Tsitsipas and Medvedev set up last-eight French Open clash

by Les Roopanarine

When a player with the brisk gait of Stefanos Tsitsipas hits his stride, trouble inevitably follows. The Greek barely put a foot wrong against Pablo Carreño Busta, the 12th seed, advancing to the quarter-finals of the French Open with a 6-3, 6-2, 7-5 victory.

Tsitsipas, the fifth seed, now stands within one win of a third successive grand slam semi-final, although to get there he will have to navigate a route past born-again dirtballer Daniil Medvedev, who came through against Cristian Garin of Chile in straight sets. 

The evidence suggests that Medvedev’s blossoming love affair with the Parisian clay, where he had never won a match before this week, will be stretched to breaking point. Tsitsipas, whose elegant, instinctive play has illuminated the lower half of the draw, has acquired an appetite for the staccato rhythms of grand slam tennis that shows no sign of being sated just yet.

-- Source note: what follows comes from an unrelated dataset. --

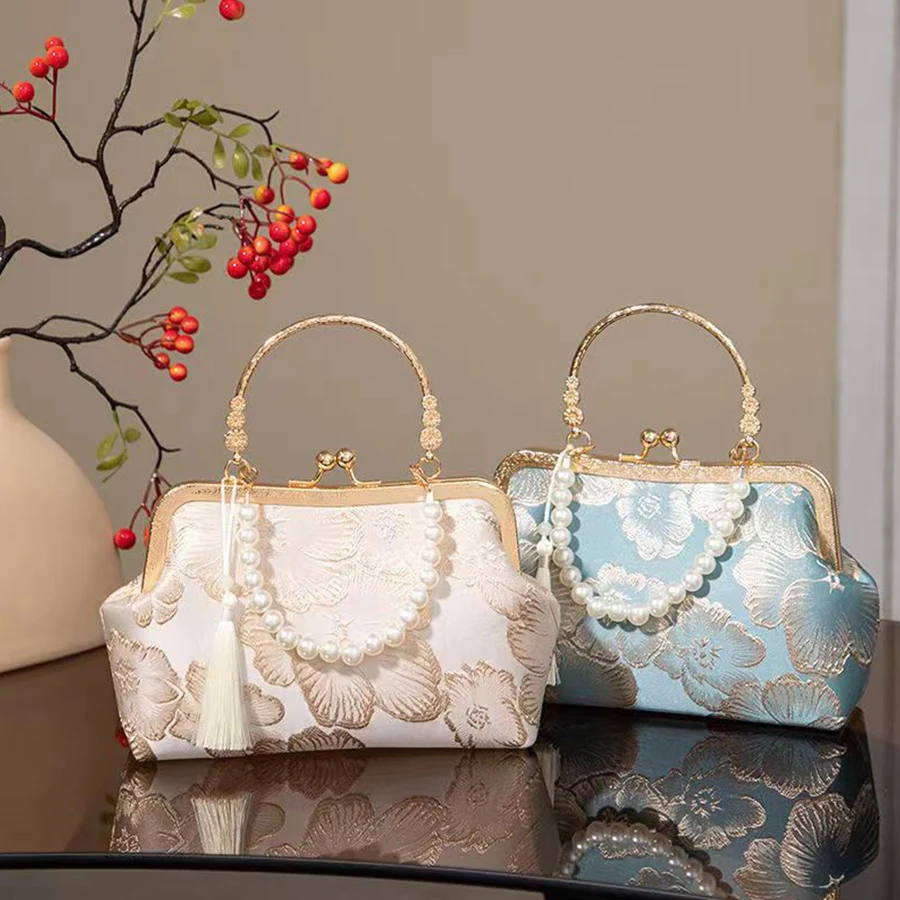 

Flower Embroidery Women Pearl Chain Shoulder Crossbody Bags Lock Shell Clip Wedding Chic Clutch Shell Handbag Small Square Bags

“I think I’ve played some of my best tennis when I don’t think much on the court, when everything is being done automatically, on autopilot,” said Tsitsipas. “I felt also my performance was at the top. So less thinking, more action.

“In grand slams, it’s all about the endurance and being able to show up and do your job once every two days, and do it well. It’s demanding; it takes a lot of attention, a lot of effort. I’ve grown into loving that process and wanting to repeat that.”

Having survived the heavy artillery of John Isner two nights earlier, Tsitsipas found himself under more conventional clay-court scrutiny against Carreño Busta. He proved more than equal to the task, capitalising on a strangely passive start by the Spaniard to establish a momentum he rarely looked likely to relinquish.  

Twice a quarter-finalist at Roland Garros, Carreño Busta is a solid baseliner with few weaknesses but no overwhelming threats. Two of his five career titles have come on clay, most recently at the Andalucia Open two months ago, but he has posted his best results on hard courts, where a more enterprising approach has twice carried him to the the US Open semi-finals. On clay, however, Carreño Busta relies on the traditional virtues of patience, solidity and fleetness of foot. 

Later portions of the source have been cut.